Transcribe, starting at the line with "Modular Fortress Castle" and ending at the line with "Vento Mühendis Tipi", every line of the material below exactly, but leave out the pictures and anything outside that span.

## Material for this exercise
"""

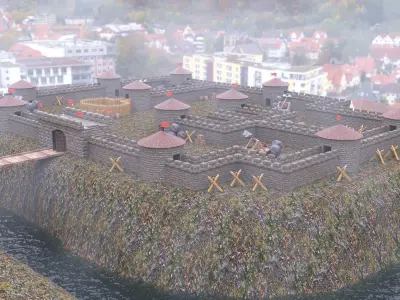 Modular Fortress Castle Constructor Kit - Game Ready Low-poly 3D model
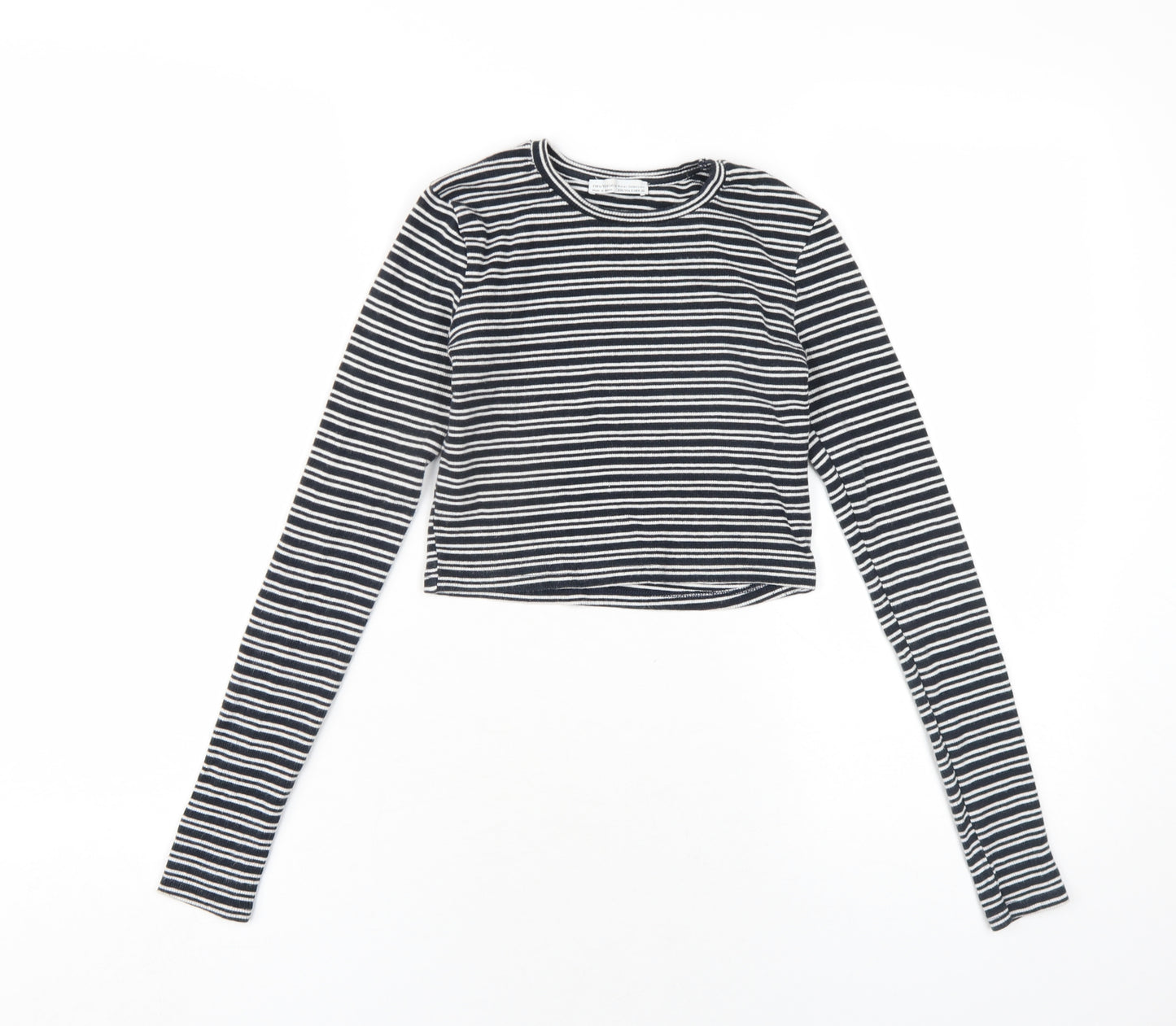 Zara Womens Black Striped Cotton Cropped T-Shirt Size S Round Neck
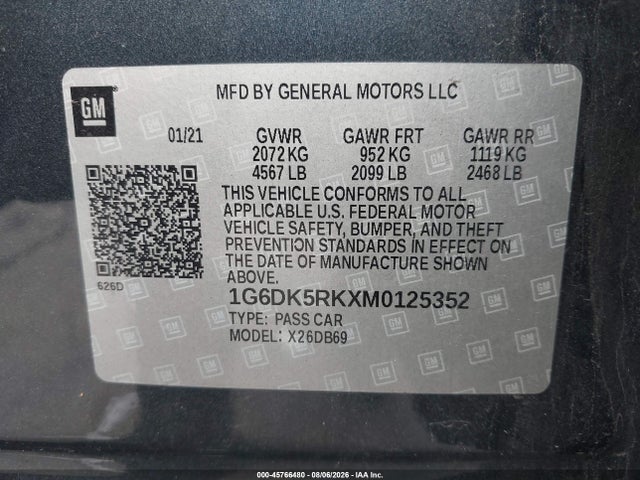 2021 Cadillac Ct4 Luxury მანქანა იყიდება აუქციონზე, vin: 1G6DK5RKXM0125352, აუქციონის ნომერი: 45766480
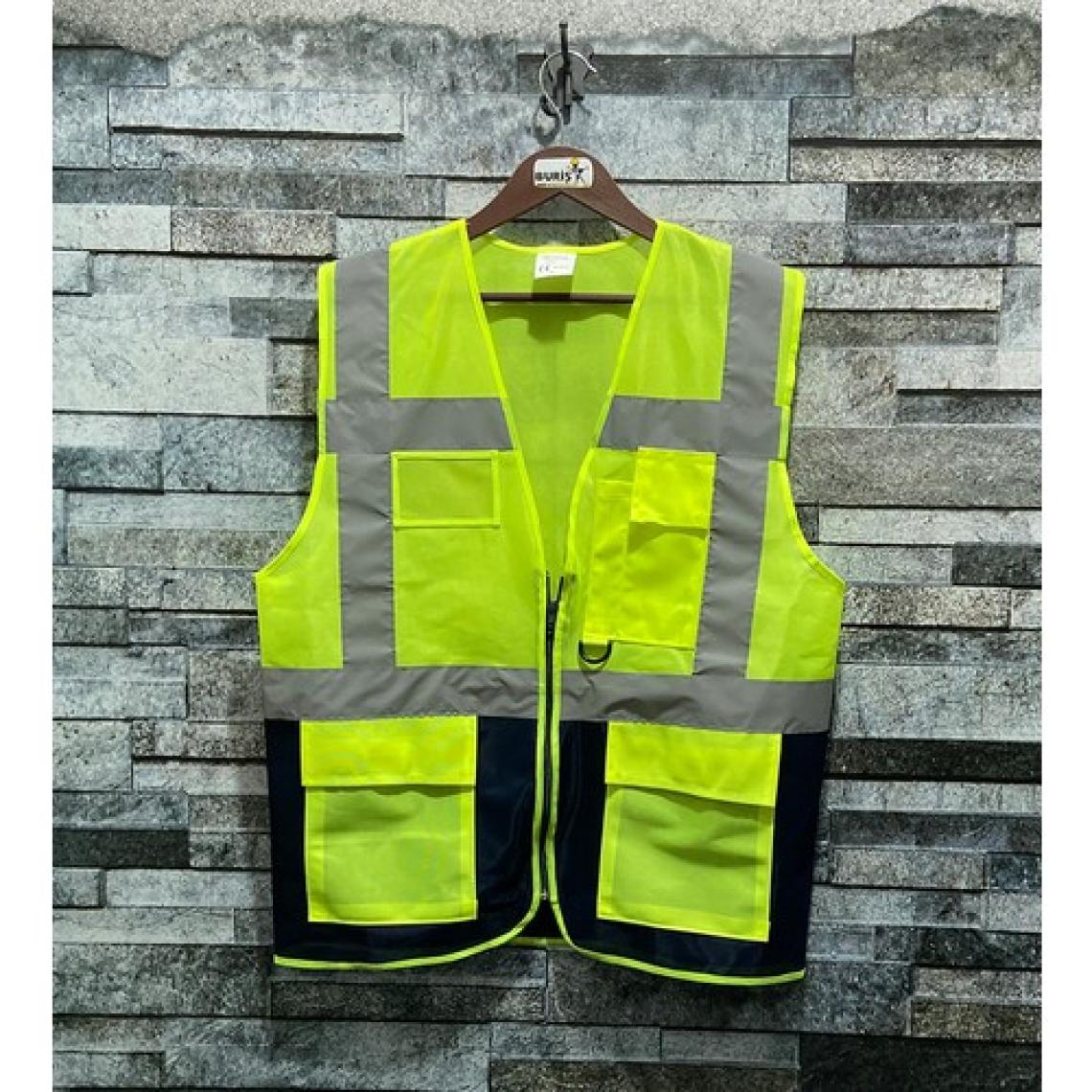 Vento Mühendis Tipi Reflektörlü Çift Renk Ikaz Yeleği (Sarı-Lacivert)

"""
"""

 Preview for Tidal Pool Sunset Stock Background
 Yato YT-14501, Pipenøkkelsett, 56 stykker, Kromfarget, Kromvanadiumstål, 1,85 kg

"""

## Answer
 Modular Fortress Castle Constructor Kit - Game Ready Low-poly 3D model
 Zara Womens Black Striped Cotton Cropped T-Shirt Size S Round Neck
 2021 Cadillac Ct4 Luxury მანქანა იყიდება აუქციონზე, vin: 1G6DK5RKXM0125352, აუქციონის ნომერი: 45766480
 Vento Mühendis Tipi Reflektörlü Çift Renk Ikaz Yeleği (Sarı-Lacivert)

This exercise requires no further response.